ATLANTIC CITY — Sitting in the shadow of the Continental Divide is an adventure of the quiet sort, in an almost ghost town.
Atlantic City, Wyoming, was once a city full of dreams — gold dreams that is. She was one of the trio of towns that sprang up amid the sagebrush and wind in 1868, as young men rushed to the area in hopes of finding gold in the surrounding hills.
Atlantic City has had staying power down through the decades, and is the only one of the three towns that still remains a town, though it is not incorporated.
Some historical accounts have credited the Atlantic City Mercantile for that. In the early days, Geissler’s Store, as it was known then, offered not only necessary goods, but necessary services, such as a post office and, eventually, telephone service.
Today, the Atlantic City Mercantile still offers a great steak dinner in a bar full of history.
Its next-door neighbor, The Miner’s Grubstake & Dredge Saloon, is known among the hiking and biking crowd for cold beer and bacon-stuffed burgers, as well as other hearty foods.
Neighboring South Pass City, meanwhile, has become a state historic site. It offers a look at an early, gold-rush town as well as the opportunity to pan for gold, while the site that used to be Hamilton — sometimes called Miner’s Delight — was taken over by the Bureau of Land Management, and is a true ghost town.
Tourism Is Atlantic City’s New Gold
What’s boosting Atlantic City these days is a fair bit of tourism, from a perhaps unexpected source.
Word-of-mouth among Continental Divide hikers has helped place the town as a waypoint on the trail where hikers can find a meal, spend the night, and perhaps restock some of their supplies.
The Backcountry Discovery Route (BDR) for Wyoming has also listed Atlantic City as a way point on 1,000 miles of backcountry riding for motorcycles.
“(BDR) has had real monetary impact on the communities they’ve traveled through,” Atlantic City resident Bill “Wild Bill” Moore told Cowboy State Daily. “And actually, the organization that put that together, they kind of keep in touch with us to see what the economic impact is, as well as whether the people have been treating us right.”
Between the two trails, that’s bringing several hundred hikers and bikers into town.
“(That) has really given this town a boost,” Moore said. “The restaurants are full with people, and I actually just saw about 20 motorcycles come through here today.”
Some of the restaurant customers book lodging at Moore’s establishment, which is the Miner’s Delight Inn.
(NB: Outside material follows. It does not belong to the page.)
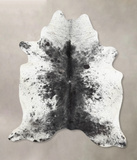 Salt and Pepper Black Cowhide Rug #B13297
It and the Atlantic City Mercantile are among several historic buildings that still stand today and are listed on the National Register of Historic Places. The buildings are part of a self-guided walking tour created by the Atlantic City Historical Society.
Calamity Jane Slept Here?
No one knows for certain if Calamity Jane spent the night in Atlantic City once upon a time, but it’s certainly possible.
The 1870 Census records list a Martha Jane Cannary, which is Calamity Jane’s real name, as a resident of Hamilton City, often referred to at the time as Miners Delight.
Local legends around Atlantic City, passed down by oral history, tell that she was once a dance hall girl at the McAuley Store, later known as Hyde’s Hall.
J.W. Anthony built the two-story stone structure in 1869 as the town’s first bank. The bank went bust, however, and so Anthony was never paid for his work.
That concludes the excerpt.